Patrick Shen (born 1975) is a Chinese writer, director, and producer. Shen is the founder of Transcendental Media.

== Documentaries ==
Shen directed the Emmy-nominated documentary We Served With Pride: The Chinese American Experience in WWII. This documentary explores the involvement of Chinese Americans during World War II and premiered in 1999 at the Smithsonian Institution in Washington, D.C. It was later broadcast on PBS. During its premiere, the cast and crew were invited to meet President Bill Clinton at the White House.

In 2001, Shen began production on his first feature-length documentary, Flight from Death. The film explores the influence of mortality awareness on human behavior, drawing inspiration from the works of cultural anthropologist Ernest Becker. Narrated by actor Gabriel Byrne, the documentary received seven Best Documentary awards at U.S. film festivals and was released in 2005 by Go Kart Films.

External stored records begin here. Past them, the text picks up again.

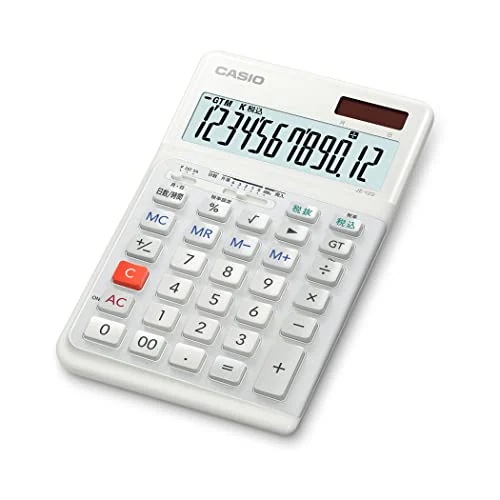 カシオ 人間工学電卓 12桁 日数&時間計算機能 ジャストタイプ ホワイト JE-12D-WE-N
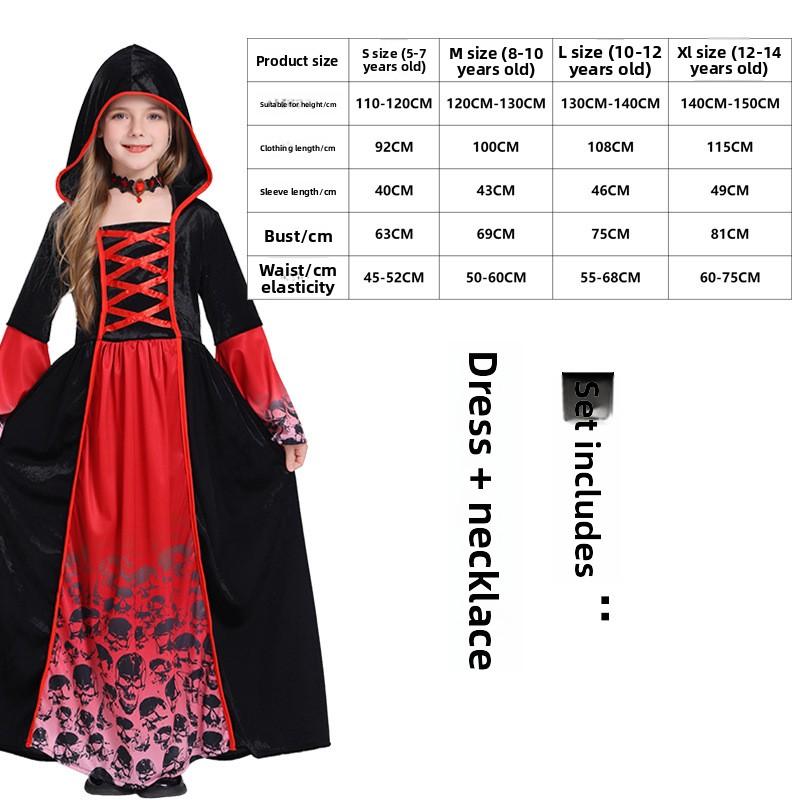 Luxury Vampire Costume For Halloween Party Children Stand Collar Witch Cosplay Girls Performance Role Play Dress Black Red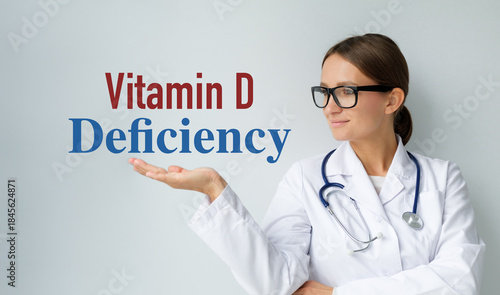 A woman in a white lab coat is holding up a hand with a sign that says Vitamin D Deficiency.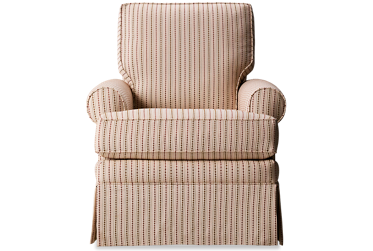 Sarasota Swivel Glider - Roll Arms - Tonal Welt Trim - Cozy Skirted Hem - Supportive Foam Cushions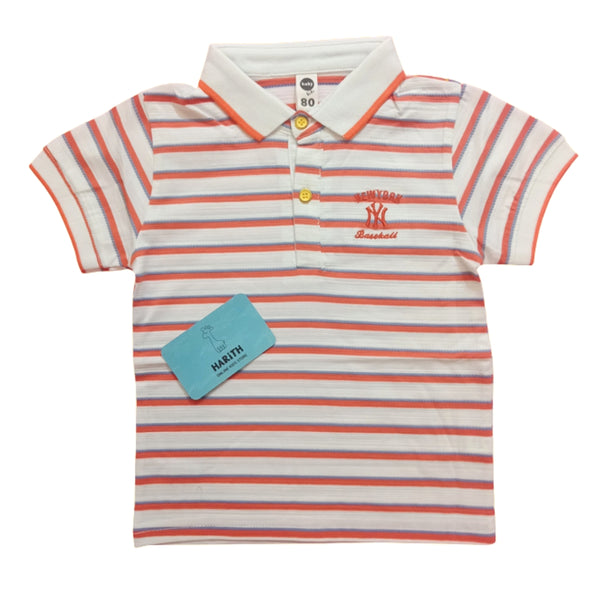 New york orange white stripes Boy Summer Polo Shirt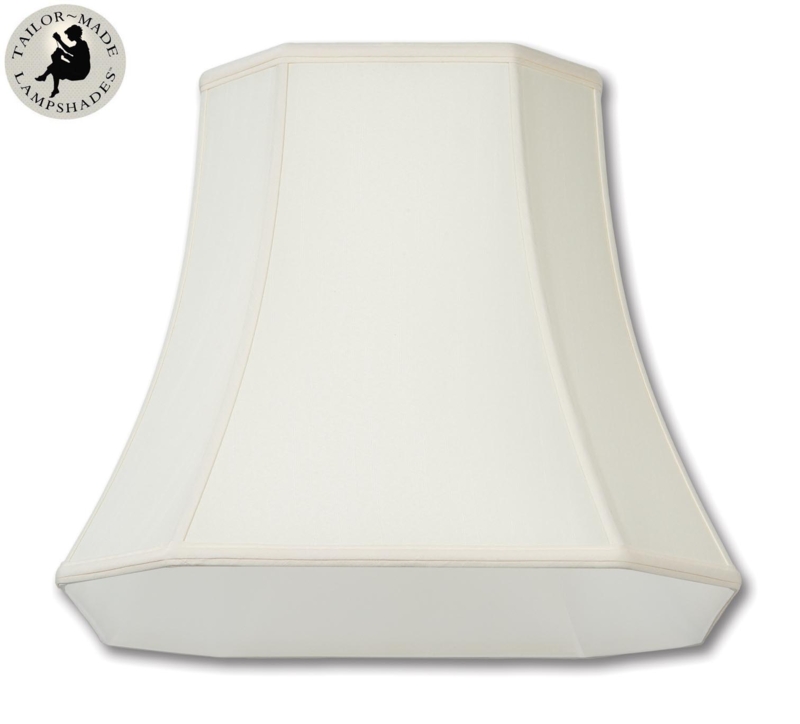 Lamp Shade Cut Corner Eggshell Shantung Piped Trim Traditional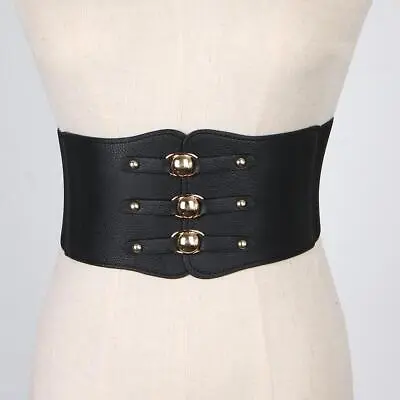 Women's Retro Steampunk Leather Waist Belt  Waspie Wide Elastic Corset • £8.80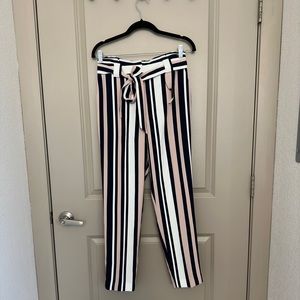 Express Ankle High-Rise Striped Pants, Size 4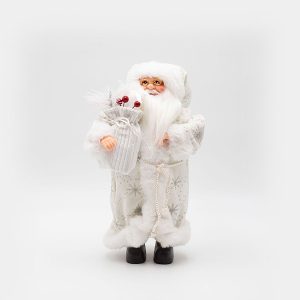 ΑΓΙΟΣ ΒΑΣΙΛΗΣ ΜΕ ΛΕΥΚΑ ΓΟΥΝΙΝΑ ΡΟΥΧΑ ΚΑΙ ΣΑΚΟ ΜΕ BERRY, 30cm - Image 1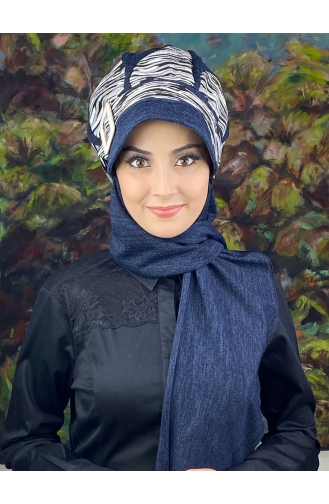 Turban Pret-a-Porter Bleu Marine 64EYL22ŞPK-04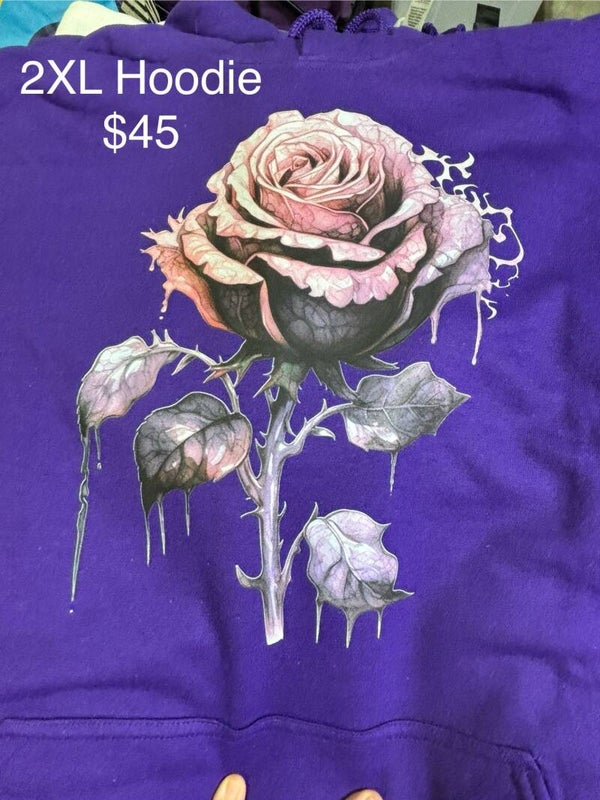 Purple Hoodie, 2XL Large Rose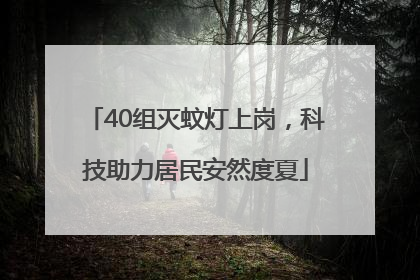 40组灭蚊灯上岗，科技助力居民安然度夏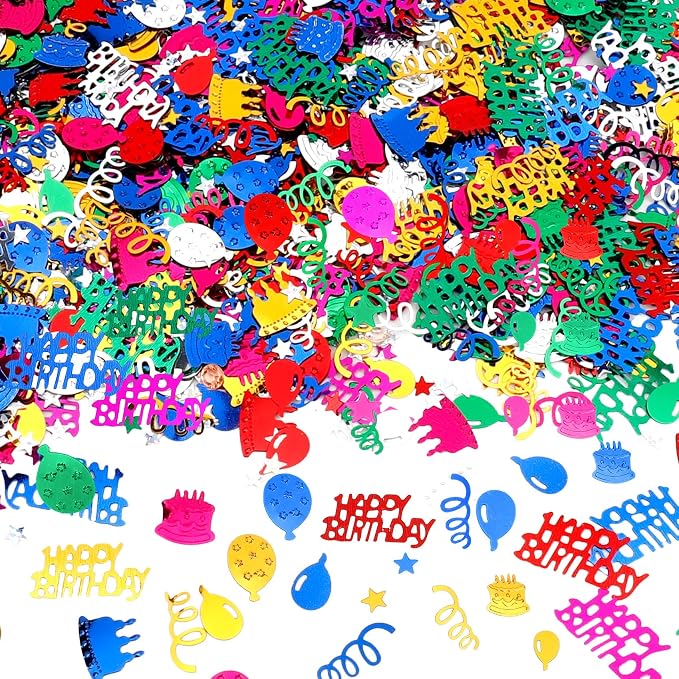 Birthday Confetti, Happy Birthday Party Glitter Table Confetti, 60g Multicolor Metallic Foil Cake Balloon Confettis Sprinkles Table Centerpiece for Baby Shower Party Decorations DIY Arts and Crafting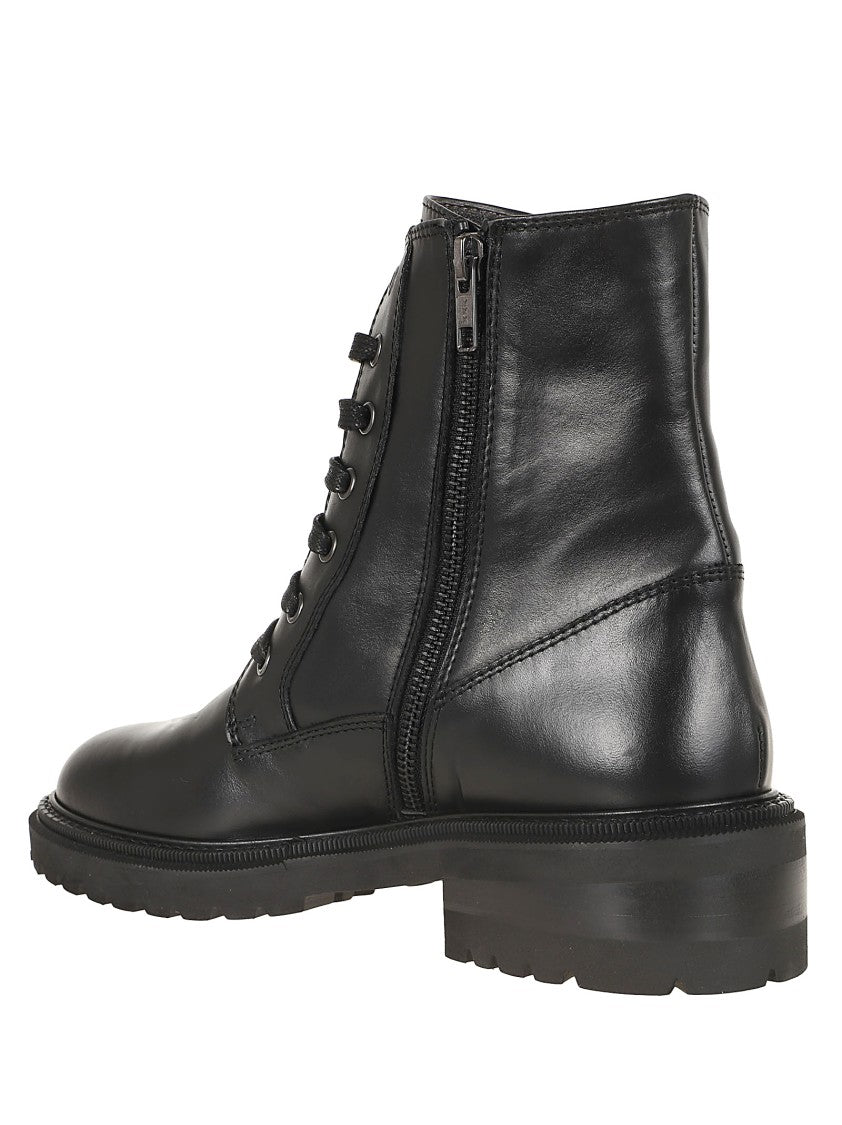 Via Roma 15 Black Leather Ankle Boots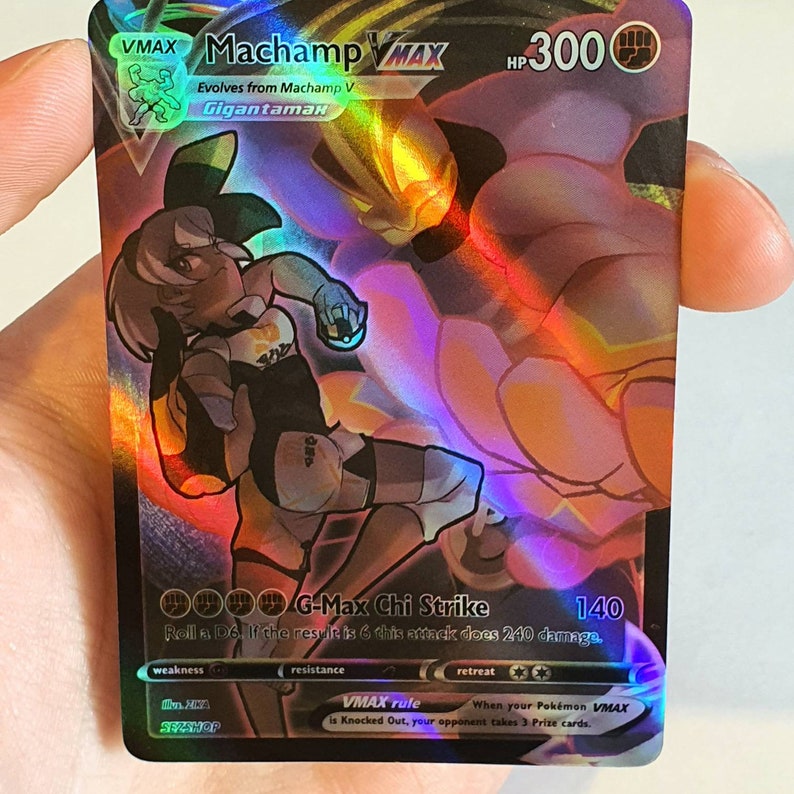 Machamp Vmax Holographic Custom Made Pokemon Card Etsy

Shen's second feature-length documentary, The Philosopher Kings, examines the lives and wisdom of janitorial staff at universities such as Cornell, Princeton, and Duke. The film premiered at the AFI Silver Docs Film Festival in 2009, where it was nominated for Best Documentary. It received the Emerging Cinematic Vision Award from the Camden International Film Festival.

Shen's third documentary, La Source, premiered at the AFI Silver Docs Film Festival in June 2012. Narrated by actor Don Cheadle, it follows Josue Lajeunesse, a janitor at Princeton University, as he returns to Haiti after the 2010 earthquake to lead a project providing clean water to his village, La Source. The film was nominated for the Social Impact Award at Silver Docs and highlighted Lajeunesse's efforts to bring clean water to his community.

In 2015, Shen premiered his fourth film, In Pursuit of Silence, at CPH:DOX, a documentary film festival in Denmark. The film examines the value of silence in modern society and had its North American premiere at the South by Southwest Film Festival in 2016. It was subsequently released in over 250 theaters worldwide in 2016 and 2017.